Thursday, March 10, 2005

Energy

I made a pit stop at the gas station yesterday, Bush. Two dollars and fifty-one cents—not to forget the extra nine-tenths of a cent, making it effectively two dollars and fifty-two cents a gallon. I can’t help but think that this must be in good part the result of your Cheney’s energy policy. Remember that secret meeting, Bush? We don’t know who was there and we don’t know what plot was hatched in the guise of a national energy policy, but we do begin to see the results. And you have the incredible gall to give us all a little lecture about conservaion! I think yesterday was very nearly the first time I heard the word on your lips, when you came out with one of your wonderful platitudes. I wish I’d had a pen and paper to record it, but I happened to be driving at the time. Something like: “If we conserve, we’ll use less.”

So here’s the right-wing conspiracy view of the energy situation: you strangle the supply with wars and things until the prices go up nicely to please your energy friends; then you announce a crisis and an emergency need to drill for oil in Alaska (only two thousand acres, you promised us, again on the radio yesterday, the size of the airport in Columbus. I swear I heard you say this) and please your oil production friends. Nice work. And meantime we obedient consumers stop at the gas station in the gas guzzlers we’ve been sold to keep up with the Joneses, and fill our tanks at two dollars and fifty-two cents a gallon.

Mind you, Bush, I must be one of the few Americans who really don’t mind paying my share for gas (in the global context, we still get it cheap). Besides, I drive a Prius. I drove sixty miles yesterday at an average of fifty-one point two miles per gallon. How’s that for conservation? The question of course is, why did we wait so long, and why are we so slow making thoughtful decisions about what we drive? My theory is, we’ve been sold a bill of goods by our government and our corporate exploiters. But that’s just me on my right-wing conspiracy hobby-horse.

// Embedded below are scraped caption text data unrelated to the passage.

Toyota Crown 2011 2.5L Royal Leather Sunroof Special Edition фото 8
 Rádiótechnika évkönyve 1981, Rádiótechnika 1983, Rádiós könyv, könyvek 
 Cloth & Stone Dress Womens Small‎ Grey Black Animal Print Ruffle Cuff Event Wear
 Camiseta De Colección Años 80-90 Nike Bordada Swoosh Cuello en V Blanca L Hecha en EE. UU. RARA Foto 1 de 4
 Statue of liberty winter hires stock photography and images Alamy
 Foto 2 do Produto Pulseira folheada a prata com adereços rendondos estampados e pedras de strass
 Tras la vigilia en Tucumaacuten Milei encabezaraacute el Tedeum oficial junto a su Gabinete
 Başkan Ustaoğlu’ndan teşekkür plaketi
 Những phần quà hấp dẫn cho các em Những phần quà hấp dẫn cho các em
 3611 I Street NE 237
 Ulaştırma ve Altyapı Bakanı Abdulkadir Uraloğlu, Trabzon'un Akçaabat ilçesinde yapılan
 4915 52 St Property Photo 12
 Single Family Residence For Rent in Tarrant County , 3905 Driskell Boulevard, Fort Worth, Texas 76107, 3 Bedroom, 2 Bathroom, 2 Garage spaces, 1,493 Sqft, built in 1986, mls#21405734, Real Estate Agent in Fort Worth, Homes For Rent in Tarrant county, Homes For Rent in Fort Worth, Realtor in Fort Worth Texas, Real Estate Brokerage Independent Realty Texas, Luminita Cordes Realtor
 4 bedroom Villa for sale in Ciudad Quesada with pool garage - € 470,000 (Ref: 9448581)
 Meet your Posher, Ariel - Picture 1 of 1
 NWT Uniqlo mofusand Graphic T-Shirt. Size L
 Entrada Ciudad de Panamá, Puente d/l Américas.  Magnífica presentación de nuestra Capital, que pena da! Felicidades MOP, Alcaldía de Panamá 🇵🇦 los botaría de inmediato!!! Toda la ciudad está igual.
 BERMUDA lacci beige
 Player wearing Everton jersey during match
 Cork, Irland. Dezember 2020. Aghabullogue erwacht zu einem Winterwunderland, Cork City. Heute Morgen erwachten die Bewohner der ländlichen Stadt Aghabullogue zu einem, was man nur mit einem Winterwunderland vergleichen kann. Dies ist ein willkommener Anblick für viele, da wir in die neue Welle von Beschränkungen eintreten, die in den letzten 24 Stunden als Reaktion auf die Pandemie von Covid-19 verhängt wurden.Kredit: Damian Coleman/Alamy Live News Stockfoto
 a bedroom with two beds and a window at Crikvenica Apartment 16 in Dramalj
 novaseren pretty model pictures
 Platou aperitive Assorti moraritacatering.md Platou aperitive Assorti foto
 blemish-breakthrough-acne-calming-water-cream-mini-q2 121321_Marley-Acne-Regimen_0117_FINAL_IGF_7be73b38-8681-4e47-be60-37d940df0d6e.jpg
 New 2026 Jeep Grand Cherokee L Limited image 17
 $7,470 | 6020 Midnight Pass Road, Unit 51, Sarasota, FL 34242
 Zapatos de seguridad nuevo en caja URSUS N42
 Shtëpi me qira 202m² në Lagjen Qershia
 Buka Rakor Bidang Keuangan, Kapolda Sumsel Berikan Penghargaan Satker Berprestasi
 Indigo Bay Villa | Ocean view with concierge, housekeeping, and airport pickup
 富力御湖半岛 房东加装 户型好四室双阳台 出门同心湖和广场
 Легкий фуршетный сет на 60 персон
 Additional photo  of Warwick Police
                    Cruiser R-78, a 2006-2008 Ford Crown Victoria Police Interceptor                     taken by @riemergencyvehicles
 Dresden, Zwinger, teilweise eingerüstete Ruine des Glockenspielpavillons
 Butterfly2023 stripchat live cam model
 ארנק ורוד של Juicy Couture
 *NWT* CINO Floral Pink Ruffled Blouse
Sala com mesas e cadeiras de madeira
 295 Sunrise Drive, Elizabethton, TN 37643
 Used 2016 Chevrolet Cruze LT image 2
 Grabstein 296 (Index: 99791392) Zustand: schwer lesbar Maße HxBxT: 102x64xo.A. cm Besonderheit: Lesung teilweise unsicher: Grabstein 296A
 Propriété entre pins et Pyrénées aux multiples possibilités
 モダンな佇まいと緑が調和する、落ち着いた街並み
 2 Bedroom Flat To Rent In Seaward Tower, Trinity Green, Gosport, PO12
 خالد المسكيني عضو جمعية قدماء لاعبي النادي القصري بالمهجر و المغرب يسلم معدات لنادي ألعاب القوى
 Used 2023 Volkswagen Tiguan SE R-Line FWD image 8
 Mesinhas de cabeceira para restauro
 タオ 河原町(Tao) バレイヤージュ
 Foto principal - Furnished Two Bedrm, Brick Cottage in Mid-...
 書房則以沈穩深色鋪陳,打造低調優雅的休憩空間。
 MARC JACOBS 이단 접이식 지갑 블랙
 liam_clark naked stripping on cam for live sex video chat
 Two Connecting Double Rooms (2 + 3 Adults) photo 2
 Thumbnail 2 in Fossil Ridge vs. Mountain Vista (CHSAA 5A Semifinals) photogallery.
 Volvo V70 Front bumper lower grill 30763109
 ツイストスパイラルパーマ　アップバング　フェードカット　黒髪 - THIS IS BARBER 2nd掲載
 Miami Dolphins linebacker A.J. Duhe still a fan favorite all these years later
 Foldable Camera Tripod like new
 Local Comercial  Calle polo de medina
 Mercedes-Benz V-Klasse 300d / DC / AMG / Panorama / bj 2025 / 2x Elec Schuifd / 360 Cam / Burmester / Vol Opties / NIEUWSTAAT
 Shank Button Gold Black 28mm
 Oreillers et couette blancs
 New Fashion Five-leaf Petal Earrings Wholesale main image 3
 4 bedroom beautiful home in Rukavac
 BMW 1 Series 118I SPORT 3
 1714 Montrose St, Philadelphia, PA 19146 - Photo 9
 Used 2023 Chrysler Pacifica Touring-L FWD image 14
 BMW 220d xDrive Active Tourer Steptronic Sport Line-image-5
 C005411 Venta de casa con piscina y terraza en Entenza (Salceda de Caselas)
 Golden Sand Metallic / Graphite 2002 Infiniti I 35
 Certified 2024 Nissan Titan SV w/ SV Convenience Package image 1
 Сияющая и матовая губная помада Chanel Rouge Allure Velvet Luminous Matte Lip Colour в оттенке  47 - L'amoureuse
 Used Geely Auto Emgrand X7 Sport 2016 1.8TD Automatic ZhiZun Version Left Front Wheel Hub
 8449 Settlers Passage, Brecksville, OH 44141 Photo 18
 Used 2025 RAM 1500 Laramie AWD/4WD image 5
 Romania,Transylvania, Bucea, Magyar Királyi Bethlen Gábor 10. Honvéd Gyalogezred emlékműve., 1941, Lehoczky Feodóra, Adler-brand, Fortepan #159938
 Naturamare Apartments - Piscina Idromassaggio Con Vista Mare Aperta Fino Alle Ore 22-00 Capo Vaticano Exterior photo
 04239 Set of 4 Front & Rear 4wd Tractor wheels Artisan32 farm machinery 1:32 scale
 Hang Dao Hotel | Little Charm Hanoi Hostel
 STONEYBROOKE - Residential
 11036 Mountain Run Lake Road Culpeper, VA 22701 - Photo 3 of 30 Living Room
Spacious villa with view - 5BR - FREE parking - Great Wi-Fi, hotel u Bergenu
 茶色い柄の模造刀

By the way, my travels yesterday took me to a couple of notable art exhibits, Bush. I actually went to see the one I mentioned the other day—the new old masterpiece show? Thumbs down. What a yawn. What you should see, Bush, if you could take the time to travel so far, is the two great globes by the artist Russell Crotty. I guess about four or five feet in diameter, they’re suspended from the ceiling of this huge, otherwise empty gallery space at about waist height, so they look enormous. Their surface is covered with millions of tiny scratch-marks (graphite, I think)—the one, to create a vast image of the night sky, with stars; the other, an image of both night sky and Earth, with a jagged horizon line of tree outlines around its girth. The pair of them a powerful homage, I thought, to the energy, the intricacy, the interdependence and, yes, Bush, the incredible beauty of this planet and its celestial environs. It’s worth conserving.

2 comments:

Anonymous said...

Peter, he might have said "If we conserve, we'll use less", but I'll bet he was thinking "If you conserve, we'll be useless."

Peter Clothier said...

Nicely put, David. Thanks for the thought.